We downloaded the germline mutations of human and mouse genome from dbSNP and HGVD, and the somatic mutations from TCGA, ICGC and COSMIC. The functional impact of genetic variants on m6A modification is evaluated based on the destruction of conventional DRACH motifs and sequence features. To identify RNA modification loss mutations, we extracted RNA modification sites from the single base resolution experiment samples and overlapped with all mutations to find the functional variants which destroyed the modificaton motifs. Besides, for those mutations that located in consensus peaks from MeRIP-Seq samples, we predicted the functional loss variants that potentially change m6A motifs. In addition, a genome-wide prediction was performed to obtain the potential functional variants based on Random Forest algorithm.
All RBP binding regions were extracted from ENCORI and POSTAR2, then intersected with the RNA modification associated variants to identify the RBP binding regions affected by RNA modification variants
Mutations may destroy or create miRNA binding sites on RNA. We therefore downloaded all miRNA-RNA interaction regions from ENCORI, then intersected it with RNA modification associated variants to reveal potential impact on miRNA-mRNA interactions of functional variants.
It is reported that RNA modifications can regulate alternative splicing. We extracted 100 base pairs (bp) upstream form 5' splicing sites and 100bp downstream from 3' splicing sites at all canonical splicing sites (GT-AG), and excluded intron splicing sites with less than 100bp as well as pseudogenes. After that, all m6A-associated variants intersected with these regions to obtain those splicing events affected by RNA modification associated variants.
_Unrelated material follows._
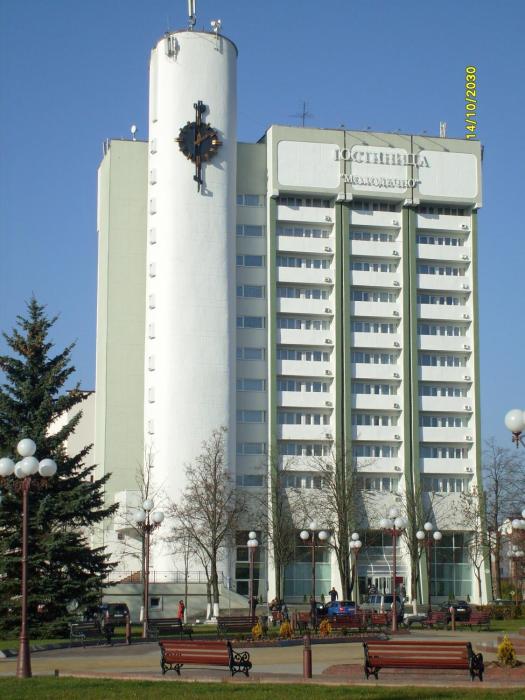 City-Image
GWAS tagSNPs were downloaded from NHGRI GWAS Catalog, Johnson and O' Donnell, dbGAP, GAD, denovo-db, ESP, DisGeNet, GWASATLAS and GRASP database. Haploview was installed to perform LD analysis. Then, for each tagSNP, we use pLink to obtain its LD mutations in different populations (The used populations include CHB, CEU, JPT, TSI). Moreover, we also collected ClinVar data to provide further information about the relationship between RNA modification associated alterations and disease.
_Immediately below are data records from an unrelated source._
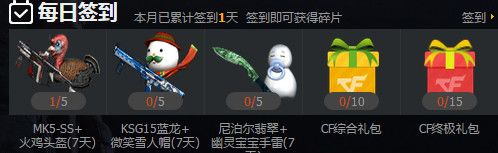 CF穿越火线秘密基地每日登陆礼包_穿越火线每天那里签到_CF终极礼包活动介绍
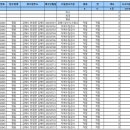 명동정수장 이미지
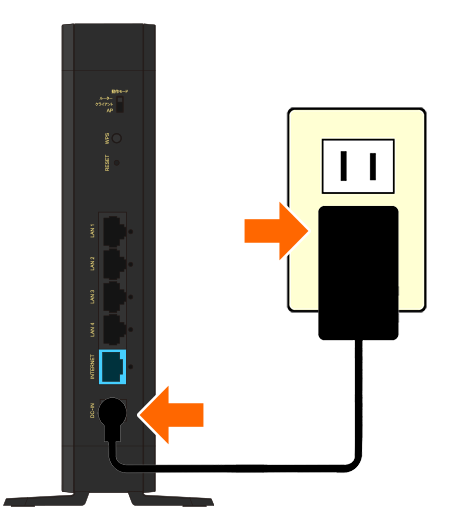 ルーターの電源を確認する画像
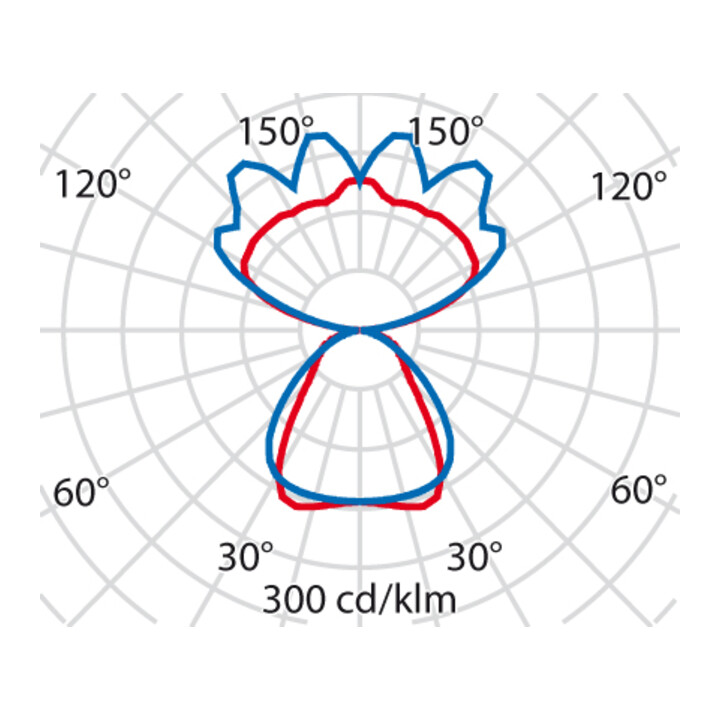 Performance in Light LED-Pendelleuchte 4000K DALI 8629461786430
Accumulation of circRNAs could be controlled by RNA modifications. We therefore downloaded all circRNA regions from circBase, CIRCpediav2, circRNAdb and circBank, then intersected it with RNA modification associated variants to reveal potential relationship between RNA modifications and circRNAs.
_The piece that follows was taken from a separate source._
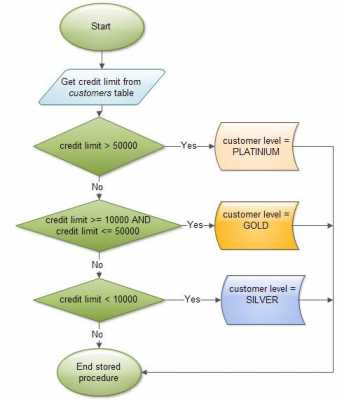 mysql存储过程调用函数（mysql存储过程内部调用存储过程）-图3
In order to predict RNA modification associated variants, we utilize a deep convolutional neural network model to predict and annotate the functional modification sites. Combining all variants in the prediction model, we separately predicted the RNA modification status in reference sample and mutant sample. We defined an RNA modification gain mutation as the RNA modification was occurred in mutated RNA sequence but not in reference sequence. While an RNA modification loss alteration would be defined as the opposite case.
For convenience, we provide a user-friendly web interface for RMVar database. Users can browse or search the data at different levels.
1) Browse by different species in Germline
2) Browse by different tumors in TCGA&ICGC
3) Browse by different tissues in COSMIC
1） Quick search for RMVar ID
2） Quick search for RsID of SNP
3） Quick search for genes
4） Quick search for an interested region
5） Quick search for an interested disease
Multiple conditions can be easily combined, and you can obtain your specific queries.